# ACTIVITY
Pictures in the records below must be left out. Return exactly the lines from the line with "Zürich) Imagen: el" to the line with "Recombinant Human RRM2B", both included.

(Web page caption snippets)
★ ★ ★ ★
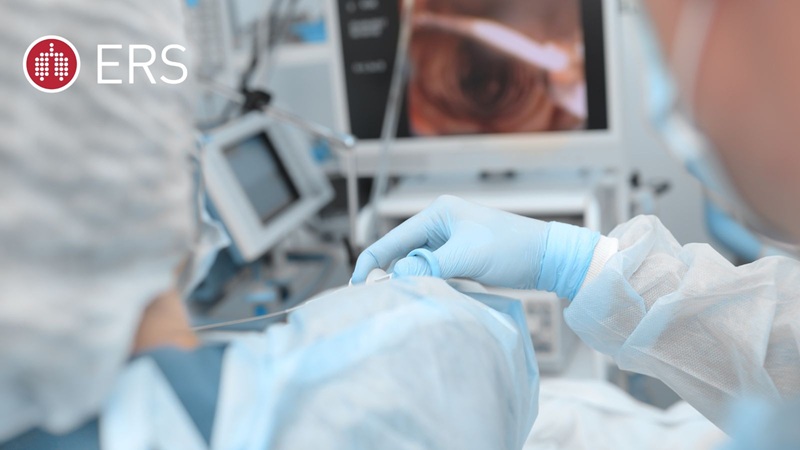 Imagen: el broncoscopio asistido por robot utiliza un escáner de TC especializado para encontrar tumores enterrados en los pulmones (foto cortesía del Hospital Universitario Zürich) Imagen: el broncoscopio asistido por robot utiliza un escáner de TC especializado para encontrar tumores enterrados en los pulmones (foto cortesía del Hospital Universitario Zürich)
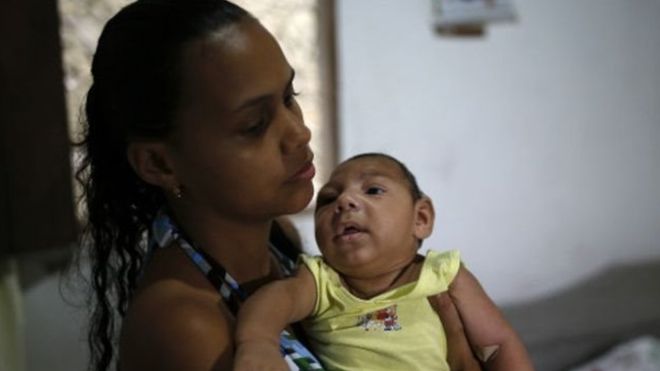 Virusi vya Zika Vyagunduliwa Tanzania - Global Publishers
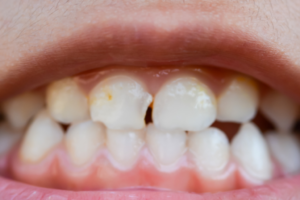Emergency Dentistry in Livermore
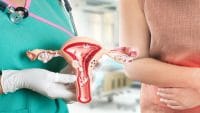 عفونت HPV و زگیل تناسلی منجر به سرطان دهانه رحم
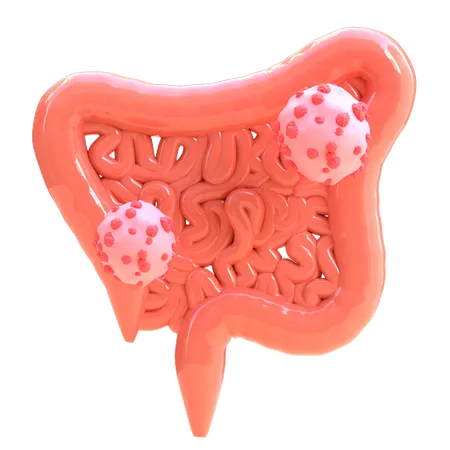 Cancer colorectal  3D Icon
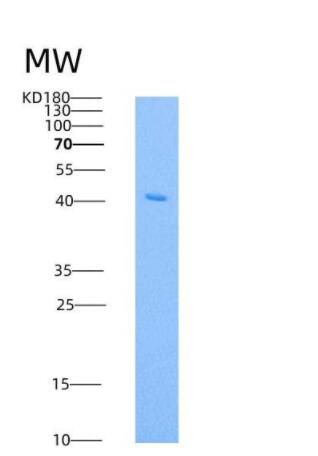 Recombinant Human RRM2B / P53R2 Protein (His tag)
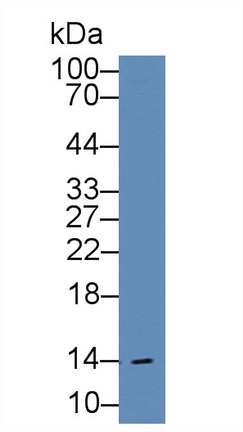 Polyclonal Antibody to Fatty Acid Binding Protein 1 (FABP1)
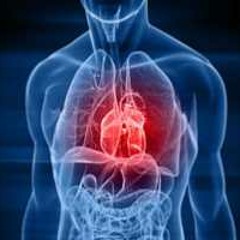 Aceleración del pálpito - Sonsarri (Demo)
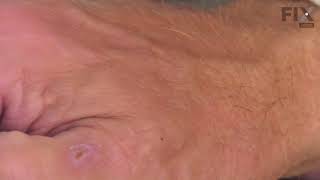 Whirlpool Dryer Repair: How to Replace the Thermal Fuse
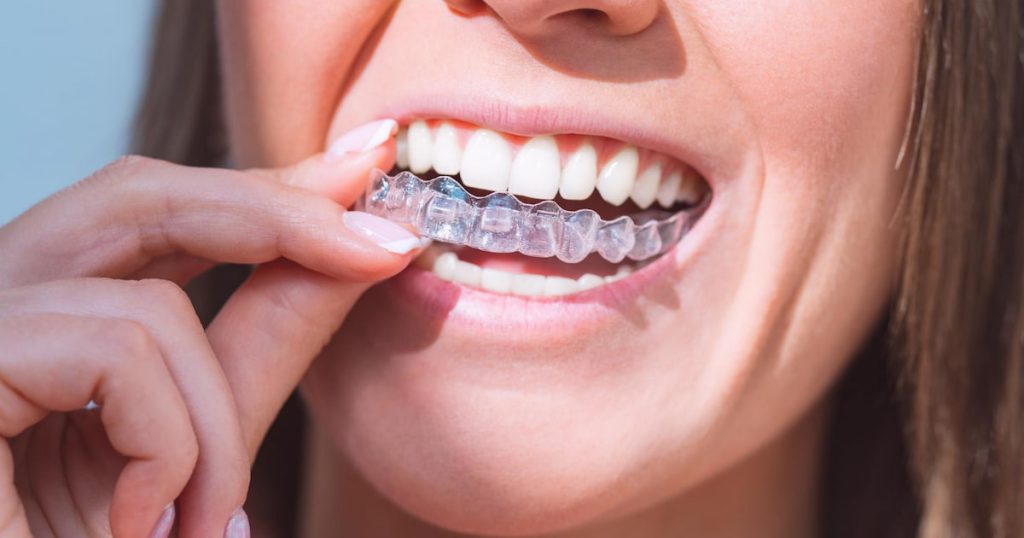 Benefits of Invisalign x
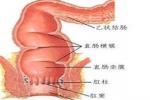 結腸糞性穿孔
★ ★ ★ ★
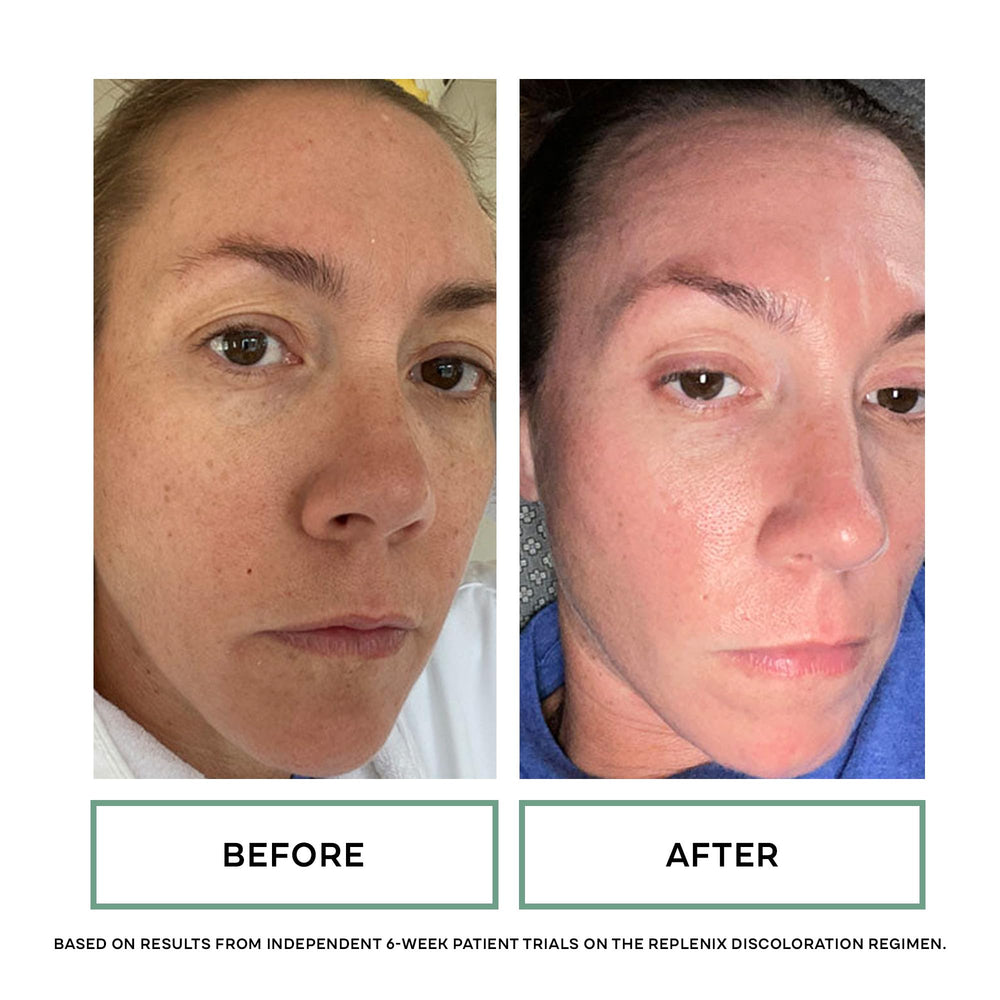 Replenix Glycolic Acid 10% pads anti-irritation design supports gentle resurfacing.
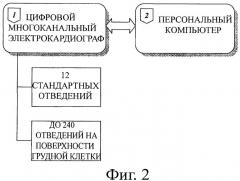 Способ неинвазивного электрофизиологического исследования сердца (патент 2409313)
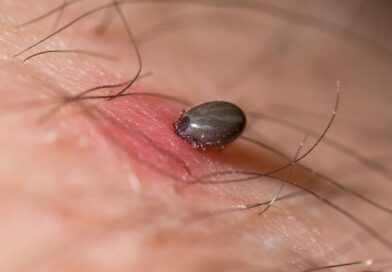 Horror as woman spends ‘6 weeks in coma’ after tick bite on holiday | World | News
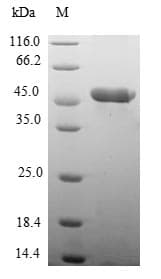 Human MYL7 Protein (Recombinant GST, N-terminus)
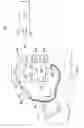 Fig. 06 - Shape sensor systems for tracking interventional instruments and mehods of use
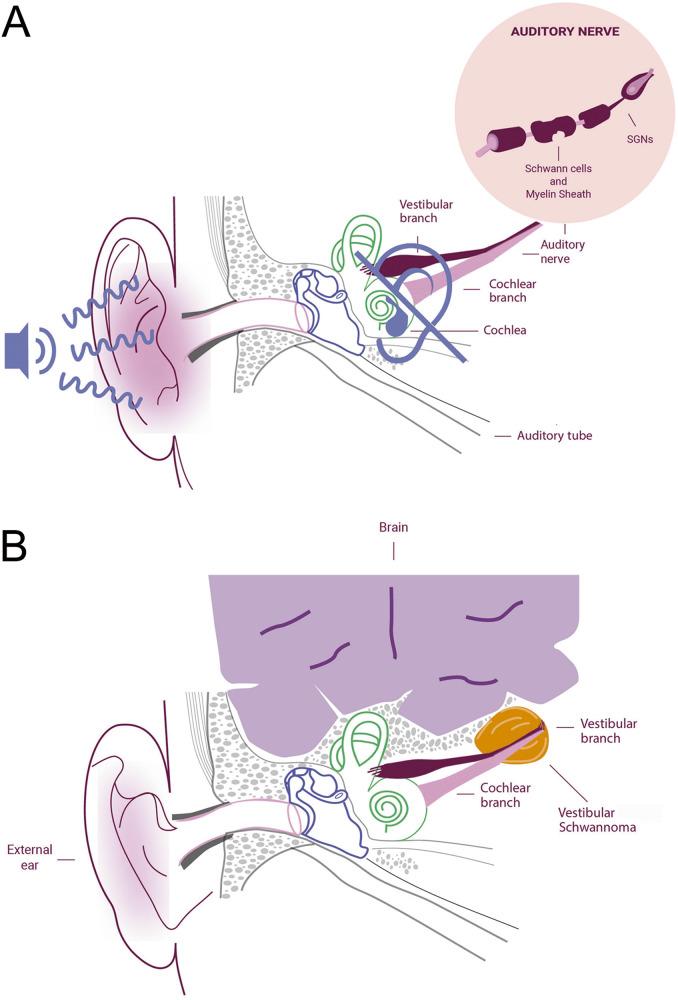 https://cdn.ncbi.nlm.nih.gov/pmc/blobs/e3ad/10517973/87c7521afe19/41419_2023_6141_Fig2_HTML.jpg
★ ★ ★ ★
# SOLVED EXERCISE
 Imagen: el broncoscopio asistido por robot utiliza un escáner de TC especializado para encontrar tumores enterrados en los pulmones (foto cortesía del Hospital Universitario Zürich) Imagen: el broncoscopio asistido por robot utiliza un escáner de TC especializado para encontrar tumores enterrados en los pulmones (foto cortesía del Hospital Universitario Zürich)
 Virusi vya Zika Vyagunduliwa Tanzania - Global Publishers
Emergency Dentistry in Livermore
 عفونت HPV و زگیل تناسلی منجر به سرطان دهانه رحم
 Cancer colorectal  3D Icon
 Recombinant Human RRM2B / P53R2 Protein (His tag)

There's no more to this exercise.